2024年はどんな年になるのか。サイバーセキュリティ各社がその予測をまとめている。
各社が筆頭に挙げているのがAIを利用したサイバー犯罪の悪質化・巧妙化だった。NortonやAvastなどを提供するサイバーセキュリティ企業の米Gen Digital(Gen)は、文字を動画に変換するなどのマルチメディア生成ツールが犯罪に利用されるようになり、動画が本物なのか生成されたものなのか見分けがつきにくくなると予想する。
そうしたAI生成コンテンツは、SNSで偽ニュースや詐欺広告、有名人のディープフェイクを拡散させたり、信頼できる相手を装ったダイレクトメッセージで相手をだましたりする手口に利用される。

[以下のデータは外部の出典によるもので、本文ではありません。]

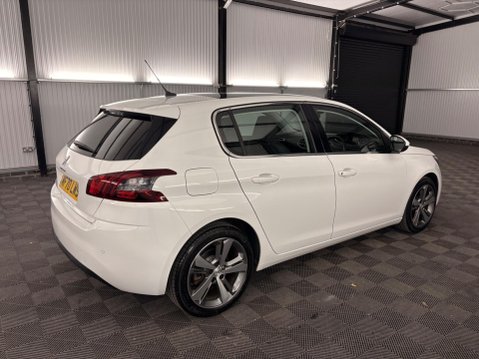 Peugeot 308 1.2 PureTech GPF Allure Euro 6 (s/s) 5dr 57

SNS以外でも、会社の経営者に似せた音声をAIで生成して社員をだますなど、ビジネスメール詐欺の手口も巧妙化しそうだ。
米Google Cloudのサイバーセキュリティ予測では、パリのオリンピックや米大統領選挙など、世界が注目する24年の出来事に注目する。そうした出来事は、さまざまな手口を使った攻撃の標的にされたり、詐欺などに利用されたりする恐れがある。
米大統領選挙ではスパイ行為や選挙介入を狙ったサイバー活動の激化が予想され、欧州議会選挙や台湾、韓国、インド、インドネシアの選挙でも同様のサイバー活動が起きるとGoogle Cloudは見る。
消費者は「慈善詐欺」にも注意する必要があるとしたのは露Kaspersky Lab。気候変動による災害や悲惨な軍事衝突が絶えない中で、慈善団体などは被害者の人道支援に乗り出している。しかし「困っている人を助けたいという願いは、そうした思いやりに付け込む詐欺グループの温床となる」とKasperskyは言い、24年は慈善関連の詐欺が増えると予想した。